_TASK DETAILS:_
Find the line with "Replica Rolex Oyster" in the records below. Copy it and every line after it, up to and including the line with "Dinosaur Hatching Rosa".

_DATA EXCERPTS:_
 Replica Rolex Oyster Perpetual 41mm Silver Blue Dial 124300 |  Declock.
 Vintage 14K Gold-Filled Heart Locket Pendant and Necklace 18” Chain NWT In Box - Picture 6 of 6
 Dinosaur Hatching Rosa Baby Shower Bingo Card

* * *

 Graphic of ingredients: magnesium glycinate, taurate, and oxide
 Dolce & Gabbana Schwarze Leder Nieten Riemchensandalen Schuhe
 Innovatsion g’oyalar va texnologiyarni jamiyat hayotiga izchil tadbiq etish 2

---

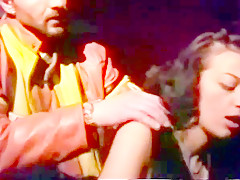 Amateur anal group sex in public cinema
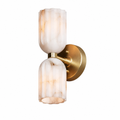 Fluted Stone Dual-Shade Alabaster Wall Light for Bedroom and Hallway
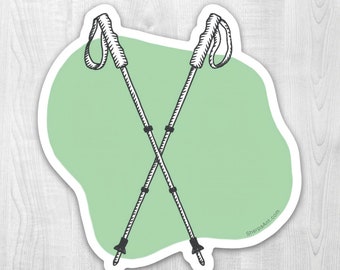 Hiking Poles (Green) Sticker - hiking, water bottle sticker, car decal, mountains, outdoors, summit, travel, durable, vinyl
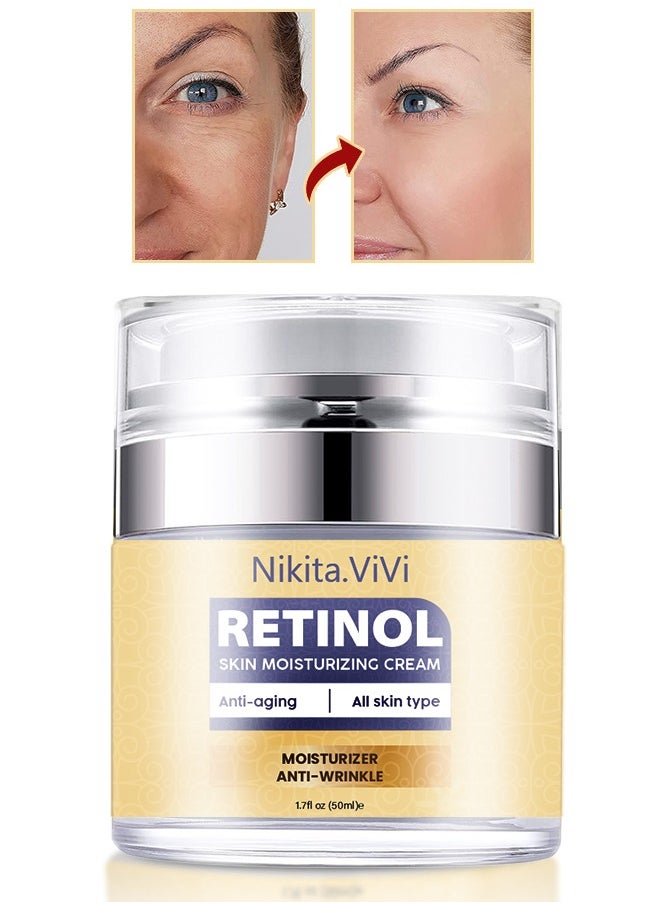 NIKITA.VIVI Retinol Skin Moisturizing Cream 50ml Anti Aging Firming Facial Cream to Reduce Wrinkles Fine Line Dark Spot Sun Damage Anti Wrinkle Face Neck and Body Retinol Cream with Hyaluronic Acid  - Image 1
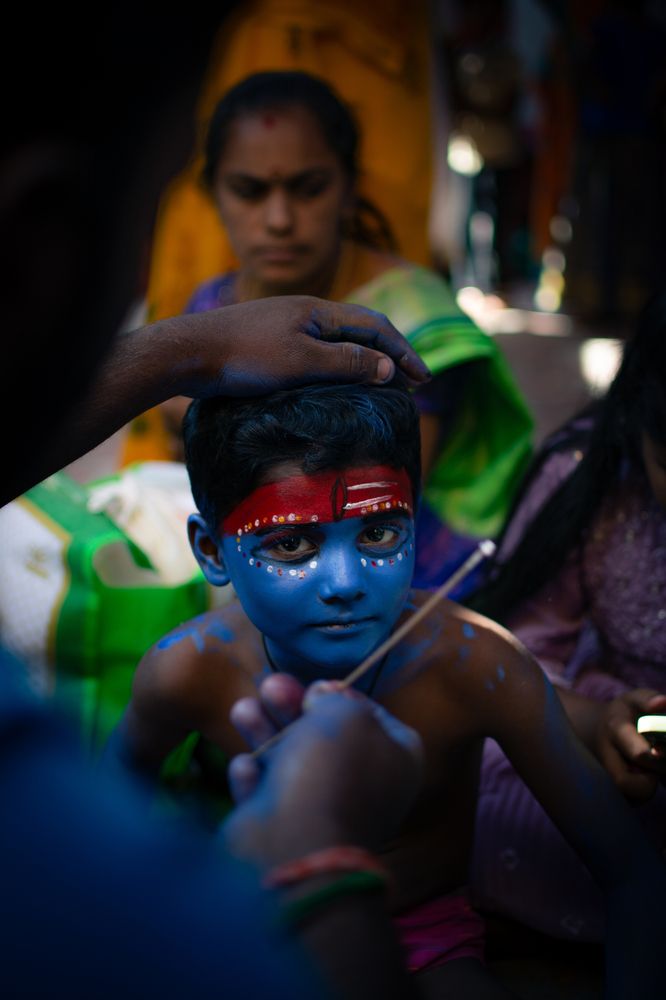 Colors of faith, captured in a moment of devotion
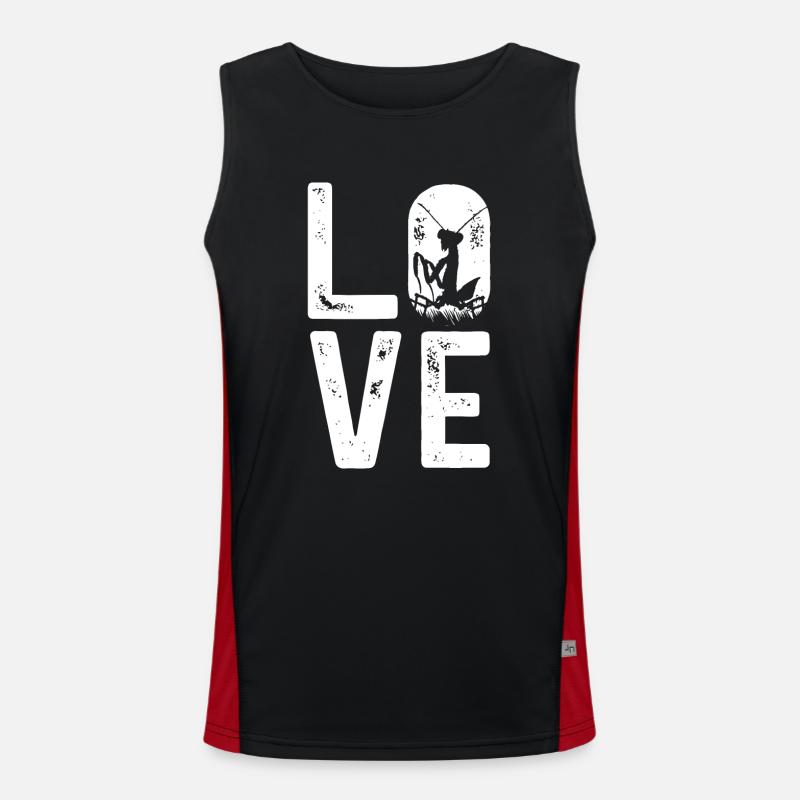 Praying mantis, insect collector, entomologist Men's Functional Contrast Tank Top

_EXERCISE SOLUTION:_
 Replica Rolex Oyster Perpetual 41mm Silver Blue Dial 124300 |  Declock.
 Vintage 14K Gold-Filled Heart Locket Pendant and Necklace 18” Chain NWT In Box - Picture 6 of 6
 Dinosaur Hatching Rosa Baby Shower Bingo Card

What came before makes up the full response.